Industrial Engineering Capstone at Hanyang University

24-2학기 산업공학캡스톤PBL 수업의 일환으로, Ensemble of Sparsely connected RNN and Autoencoder for Anomaly Detection in Financial Time Series을 주제로 실험을 진행하였습니다.

PyTorch framework로 base & advanced model을 구현한 코드는 https://github.com/abcd-EGH/srnn-ae 에서 확인 가능합니다.

Base model 구현을 위해 다음 논문과 GitHub를 참고하였습니다: Tung Kieu, Bin Yang, Chenjuan Guo, Christian S. Jensen, Outlier Detection for Time Series with Recurrent Autoencoder Ensembles, IJCAI 2019. https://doi.org/10.24963/ijcai.2019/378
https://github.com/tungk/OED

This project is part of the 24-2 Semester Industrial Engineering Capstone PBL course. The experiment focuses on the topic: Ensemble of Sparsely Connected RNN and Autoencoder for Anomaly Detection in Financial Time Series.

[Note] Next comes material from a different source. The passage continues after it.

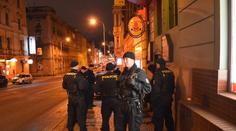 STRACH V PRAZE: 15 propuštěných vězňů si dalo sraz v restauraci. Co chystají?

The code for both the base and advanced models implemented using the PyTorch framework is available at https://github.com/abcd-EGH/srnn-ae.

To implement the base model, the following paper and GitHub repository were referenced:
Tung Kieu, Bin Yang, Chenjuan Guo, Christian S. Jensen, Outlier Detection for Time Series with Recurrent Autoencoder Ensembles, IJCAI 2019. https://doi.org/10.24963/ijcai.2019/378
https://github.com/tungk/OED

Abstact

Dataset

This implementation uses the following publicly available dataset:

NAB (Numenta Anomaly Benchmark): For anomaly detection in time series data.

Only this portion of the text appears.